++++ Data extracts ++++

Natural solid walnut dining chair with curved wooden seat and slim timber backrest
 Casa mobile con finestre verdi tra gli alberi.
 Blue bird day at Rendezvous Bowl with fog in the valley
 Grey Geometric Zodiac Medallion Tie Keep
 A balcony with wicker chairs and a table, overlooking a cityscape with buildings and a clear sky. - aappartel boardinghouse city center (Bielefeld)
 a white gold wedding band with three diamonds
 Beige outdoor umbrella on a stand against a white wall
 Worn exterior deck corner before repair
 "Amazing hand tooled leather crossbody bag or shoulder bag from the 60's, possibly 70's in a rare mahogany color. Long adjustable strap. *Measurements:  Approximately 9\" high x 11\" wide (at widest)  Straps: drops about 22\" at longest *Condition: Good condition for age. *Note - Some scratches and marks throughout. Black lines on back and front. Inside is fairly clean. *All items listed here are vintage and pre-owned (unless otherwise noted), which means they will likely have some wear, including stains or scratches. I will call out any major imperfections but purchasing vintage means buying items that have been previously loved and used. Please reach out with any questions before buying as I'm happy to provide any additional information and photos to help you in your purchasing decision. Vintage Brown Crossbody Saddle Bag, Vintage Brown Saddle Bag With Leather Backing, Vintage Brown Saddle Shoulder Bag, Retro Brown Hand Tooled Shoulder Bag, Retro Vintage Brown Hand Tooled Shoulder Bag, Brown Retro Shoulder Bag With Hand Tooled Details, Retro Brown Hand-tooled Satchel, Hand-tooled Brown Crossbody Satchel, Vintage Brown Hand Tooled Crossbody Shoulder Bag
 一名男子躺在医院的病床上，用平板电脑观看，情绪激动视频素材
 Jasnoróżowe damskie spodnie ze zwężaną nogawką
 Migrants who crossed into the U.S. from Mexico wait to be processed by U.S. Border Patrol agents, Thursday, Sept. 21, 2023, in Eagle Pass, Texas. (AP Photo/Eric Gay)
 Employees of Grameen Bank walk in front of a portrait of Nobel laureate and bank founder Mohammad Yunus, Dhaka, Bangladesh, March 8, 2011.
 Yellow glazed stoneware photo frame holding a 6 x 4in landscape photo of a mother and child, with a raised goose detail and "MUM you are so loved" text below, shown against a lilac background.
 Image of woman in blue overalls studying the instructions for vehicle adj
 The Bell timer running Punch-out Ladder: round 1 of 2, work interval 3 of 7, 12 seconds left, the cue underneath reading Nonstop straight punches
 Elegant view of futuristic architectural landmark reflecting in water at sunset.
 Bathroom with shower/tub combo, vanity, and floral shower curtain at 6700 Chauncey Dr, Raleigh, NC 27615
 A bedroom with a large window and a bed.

++++

- _Work instruction_: Exactly the lines above from the one with "Beige outdoor umbrella" to the one with "Worn exterior deck corner before repair", both included, are to be quoted; leave the rest out.

- _Worked solution_:
 Beige outdoor umbrella on a stand against a white wall
 Worn exterior deck corner before repair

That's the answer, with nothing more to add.